## What you will do:
Output the lines from the one holding "Pédales Vélo En" to the end of the entries that follow, exactly and only those, minus any pictures.

===== Data extract

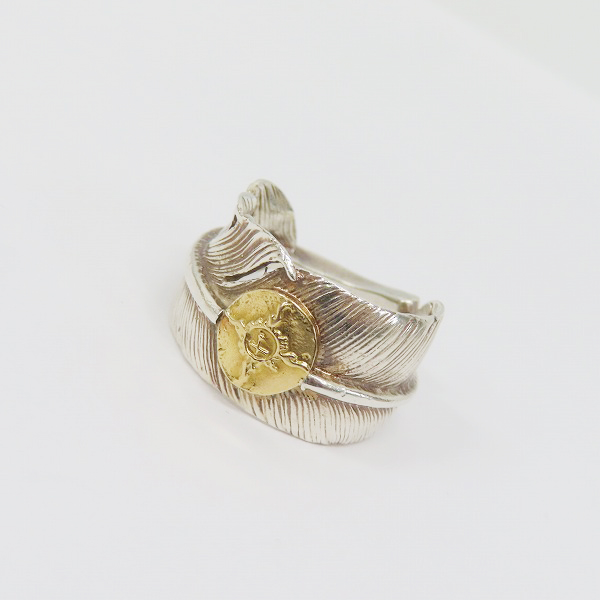 実際に弊社で買取させて頂いたFIRST ARROW'S/ファーストアローズ K18付 フェザー リング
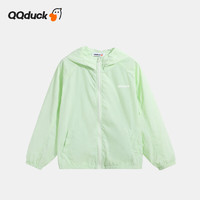QQ duck 可可鸭 儿童装童防晒衣女童夏装外套青少年衣服可爱防晒绿色；140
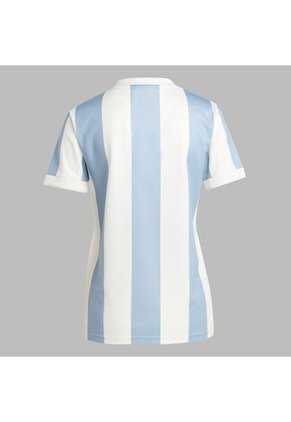 Camiseta Adidas Mujer Argentina Aniversario-Azul-Blanco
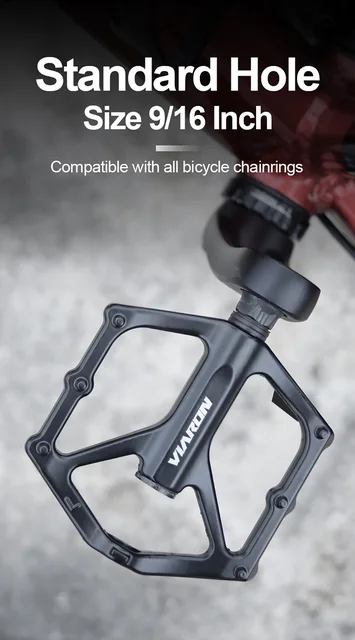 Pédales Vélo En Alliage Aluminium Antidérapantes - Réflecteurs Jaunes, Marquage L/R, Pour VTT, Route, BMX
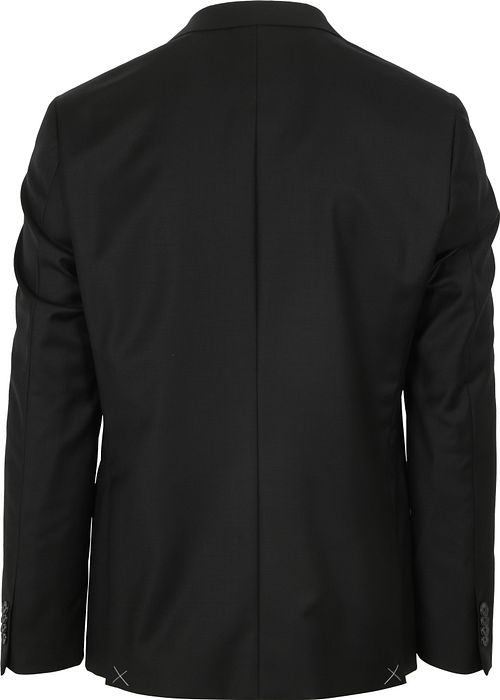 Suitable Kostuum Wol Uni Zwart Product / Achterkant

==========

## Output below:
 Pédales Vélo En Alliage Aluminium Antidérapantes - Réflecteurs Jaunes, Marquage L/R, Pour VTT, Route, BMX
 Suitable Kostuum Wol Uni Zwart Product / Achterkant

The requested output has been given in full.